Artist's search for freedom of gender expression wins 2020 Art Humanity Prize

Gender is a spectrum in which feminine and masculine are just two extremes. In between, there exists a multitude, or even an infinite, number of ways in which people might identify themselves - if only language allowed them to. 

Tristan Bartolini, an artist and student at Geneva’s Haute école d'art et de design (HEAD), was last night awarded the 2020 Art Humanity Prize by the Geneva Red Cross, the International Committee of the Red Cross (ICRC) and the HEAD for his graphic project “L’inclusif-ve” on the expression of gender.

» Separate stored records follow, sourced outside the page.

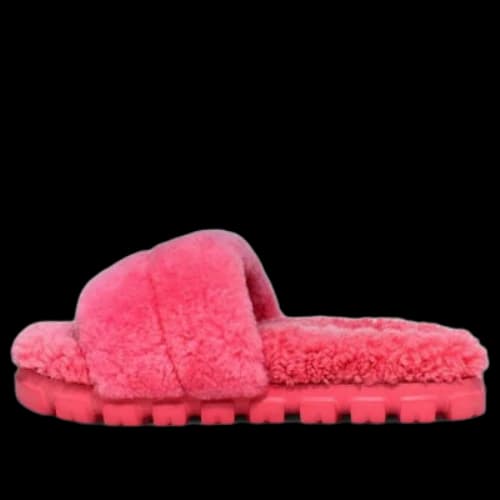 UGG Cozetta Curly Slipper 'Pink Glow' (Women's)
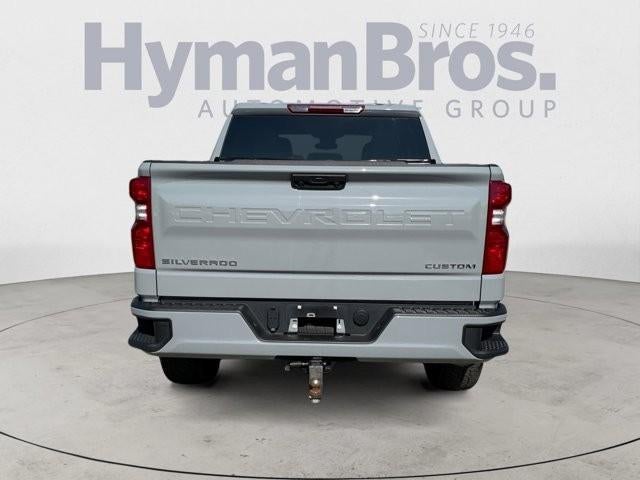 2025 Chevrolet Silverado 1500 Crew Cab Short Box 4-Wheel Drive Custom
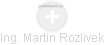 Martin Rozlivek - Vizualizace  propojení osoby a firem v obchodním rejstříku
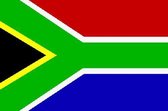 New Age Devi - Vlag Zuid-Afrika | Zuid-Afrikaanse vlag 150x90cm | Perfect voor elke gelegenheid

As gender, sexuality and individuality have taken on more fluid forms, language and its alphabet, have in contrast remained static.  Especially in Romance languages like French, which are bound by its masculine and feminine endings.

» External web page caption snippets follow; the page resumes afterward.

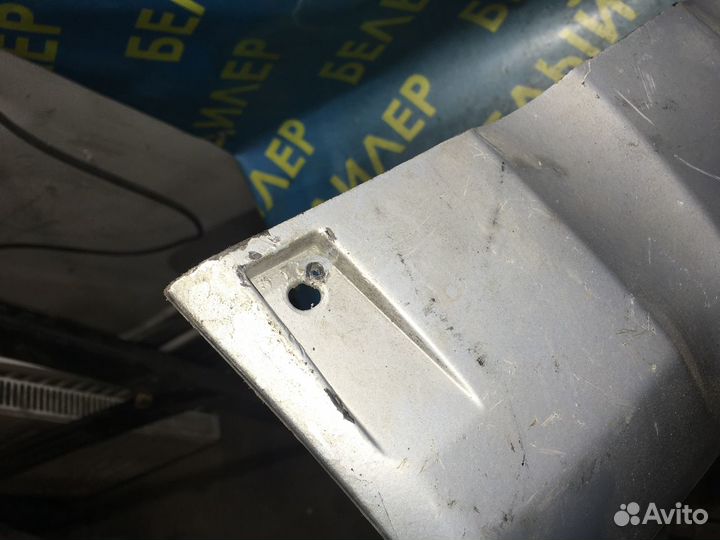 Накладка заднего бампера Mitsubishi Outlander CU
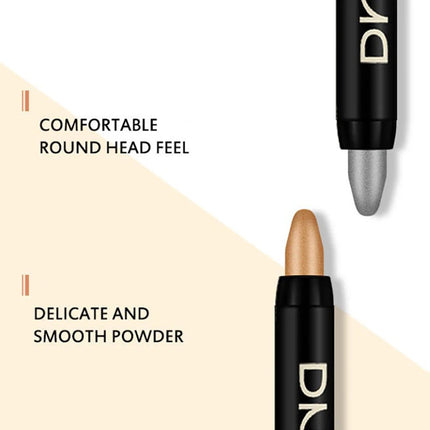 1Pc Pearlescent Eyeliner 15 Colors Waterproof Long-Lasting Non-Smudge Glitter Eye Makeup for Smokey Eyes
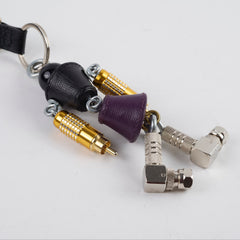 Prada Robot Key Ring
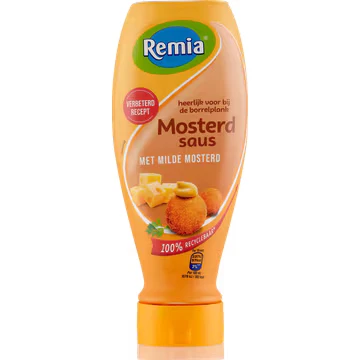 Afbeelding van Remia Mosterd (500 Ml)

Bartolini’s answer was to create a graphic mix of letters by superimposing masculine and feminine endings to create new signs that signify inclusiveness and, as he explains, “to help people find their voice”.

Now in its sixth year, the Art Humanity prize was created by the HEAD and the ICRC as a way to engage young artists with international Geneva and humanitarian action. “It is more than a’s a way to engage and really try to build bridges between these two worlds,” Philippe Stoll, head of communication policy and support at the ICRC.  The prize encompasses the wider notion of humanity and not just humanitarianism, or humanitarian aid, he added.

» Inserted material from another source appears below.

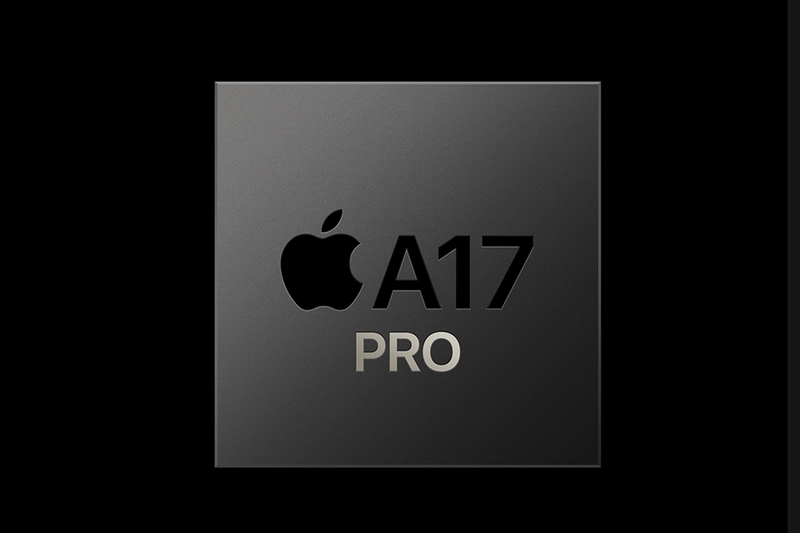 Hiệu năng vượt trội với chip A17 Pro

Bartolini was awarded the jury prize while interior architecture students Dany Champion, Karen Pisoni et Marion Vergne won the public prize for their project, CarEvents, which revisits the design and purpose of charity Caritas’ second-hand shops.

The trio reused and upcycled existing materials to create a new space at Caritas’ shop in Plainpalais, Geneva, taking into account the needs of social diversity, listening and solidarity.

"This project leads to a reflection on the conditions of human beings facing daily difficulties, whether social, financial or political," the said.

The other three finalists were Rokhaya Marieme Balde, with her documentary film “In search of Aline”,Alicia Dubuis for her project, a conceptual website project that explores the taboos around pregnancy, and Thomas Omoni Obiero, “A Storyteller, Disorder and Promises of Cure”.